Data section START

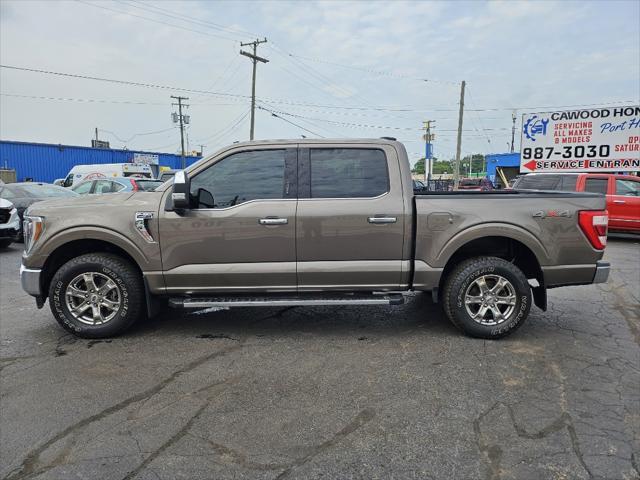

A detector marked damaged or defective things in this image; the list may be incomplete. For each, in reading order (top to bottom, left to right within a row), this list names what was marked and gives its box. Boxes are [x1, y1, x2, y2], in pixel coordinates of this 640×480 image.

pavement crack [3, 344, 244, 480]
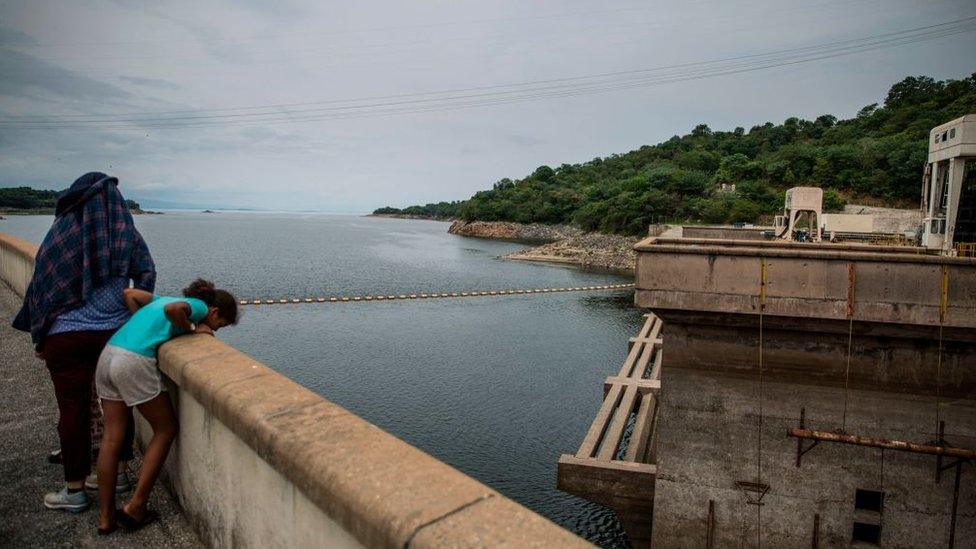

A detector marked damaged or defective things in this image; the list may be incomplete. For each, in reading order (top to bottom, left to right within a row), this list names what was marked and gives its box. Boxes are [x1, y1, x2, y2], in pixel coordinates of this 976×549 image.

rusty metal beam [784, 428, 976, 458]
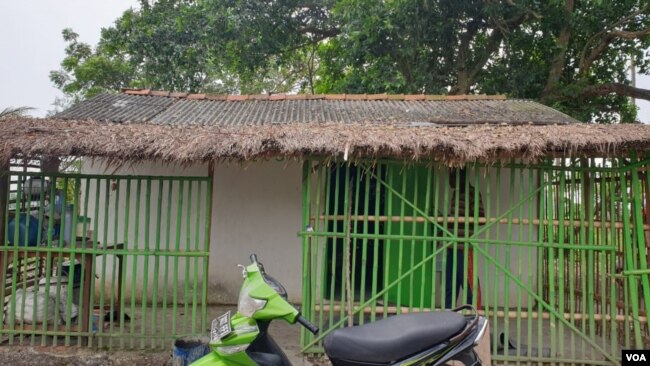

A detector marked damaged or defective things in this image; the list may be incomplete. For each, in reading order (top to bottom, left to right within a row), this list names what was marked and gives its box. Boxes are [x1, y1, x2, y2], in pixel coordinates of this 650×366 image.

rusted roof sheet [55, 91, 580, 126]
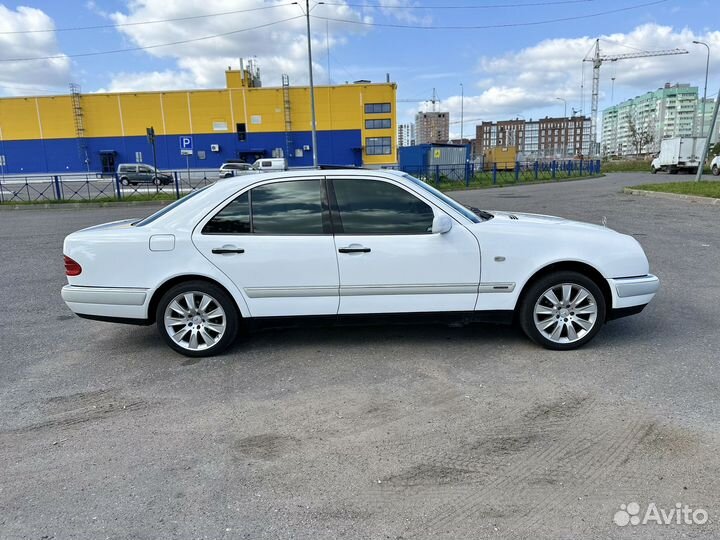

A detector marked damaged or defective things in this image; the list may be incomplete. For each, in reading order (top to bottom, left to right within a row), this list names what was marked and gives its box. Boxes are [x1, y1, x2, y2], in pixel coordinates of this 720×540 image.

cracked asphalt [1, 174, 720, 540]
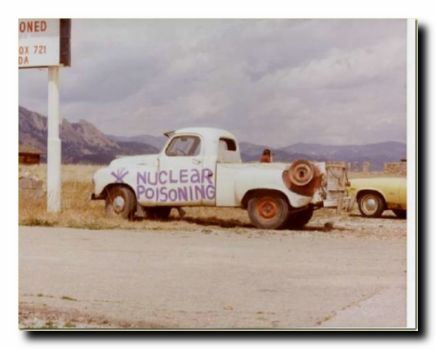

Data section END

■ Task objective:
In the data, the line that contains "this 720×540 image." begins the part to write out; restate it and each line after it word for word through the end, with no pictures.

■ Response to the task:
A detector marked damaged or defective things in this image; the list may be incomplete. For each, in reading order (top to bottom, left to right within a row), this list names what was marked and gives its box. Boxes are [x1, y1, x2, y2], in pixel coordinates of this 720×540 image.

cracked asphalt [1, 174, 720, 540]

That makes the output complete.